Как видно из этих цифр, значительная часть чая, импортировавшегося из Китая через Кяхту, было кирпичным чаем, предназначенным для неевропейских россиян. Кеннан описывает этот продукт так: «Кирпичный чай делается из дешевых сортов чайного листа, смешанного с прутиками и небольшим количеством склеивающей смолы, и прессуется в твердые сухие лепешки около восьми дюймов в длину, пяти дюймов в ширину и полтора дюйма в толщину. По виду и консистенции он напоминает самые черные сорта жевательного табака в плитках». После того как, начиная с 1860 г., океанские перевозки подрезали кяхтинскую коммерцию, такой чай стал доминировать в сухопутной торговле. «До 1860 г., — пишет Нокс, другой путешественник, — импорт чая в Кяхте составлял около одного миллиона ящиков в год, причем все это хорошего качества и без учета кирпичного чая. "Кирпичный чай" Монголии и Северного Китая изготавливается из стеблей, крупных листьев и отходов, увлажненных овечьей или воловьей кровью и спрессованных в лепешки в виде кирпичиков.

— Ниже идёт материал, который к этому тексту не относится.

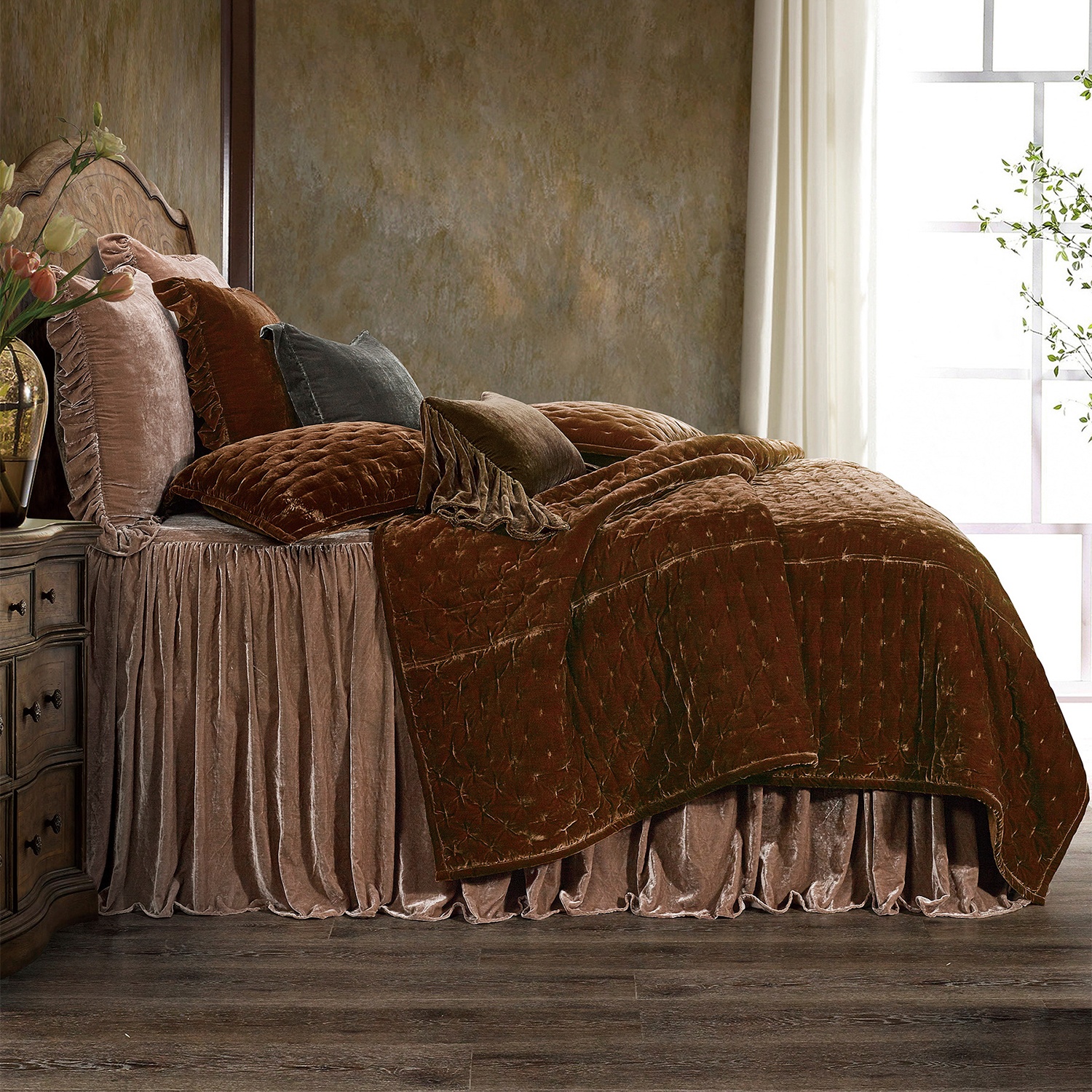 wk3_HiEnd Accents_Stella Faux Silk Velvet Quilt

В некоторых частях китайской Татарии это основное средство обращения в народе... С 1860 г. качество тонких сортов чая, закупаемого в Кяхте, упало, но импорт кирпичного чая не уменьшился, а, по словам некоторых авторитетов, он даже увеличился.»
Однако и самый превосходный чай также продолжал поступать через Кяхту. Эти сорта были известны, как «фамильные чаи» — продукция южно-китайских плантаций в Фуцзяни, где чаеводством некоторые семьи занимались из поколения в поколение. Фамилия семьи удостоверяла качество. Знание торговых марок и «списков» чаев с отдельных плантаций вплоть до двадцатого века считалось неотъемлемой частью общей компетентности кяхтинского чаеторговца. Массовый кирпичный чай для кочевников составлял одну часть коммерции. Другой ее частью были изысканные сорта чая для москвичей и петербуржцев с более утонченными вкусами. Благодаря этой компетентности и утонченности, а также благодаря тому, что для сухопутных перевозок был пригоден чай, изготовленный по технологии более легкой обжарки, сорта чая, достигавшие европейской России по Чайному Пути считались, несомненно, лучшими, чем грубо прожаренный чай, доставлявшийся через океан в корабельных трюмах.

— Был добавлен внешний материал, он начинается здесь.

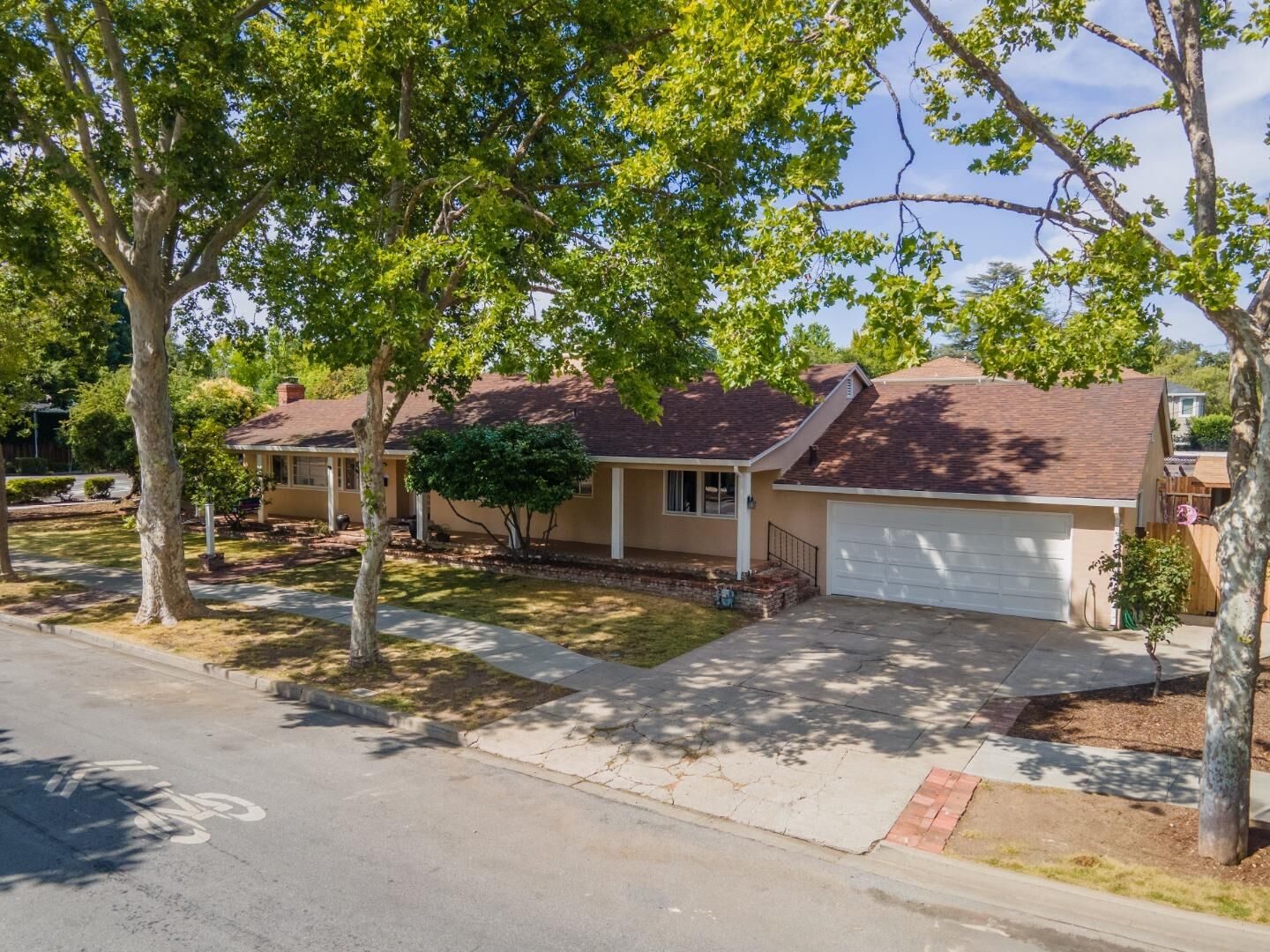 Property Photo:  101 King Street  CA 94062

Тем не менее, глобальная экономическая матрица продолжала трансформироваться. Британцы с их недавно изобретенными анилиновыми красителями для текстиля, с их гигантским флотом океанских кораблей, с открытыми для них после 1860 г. портами прибрежного Китая и с их империей в Индии, производящей хлопковые ткани, оказались в состоянии подорвать конкурентоспособность любой сухопутной торговли текстилем. И еще одно обстоятельство качнуло весы в пользу британцев. Это было открытие, что Китай будет покупать опиум в обмен на чай.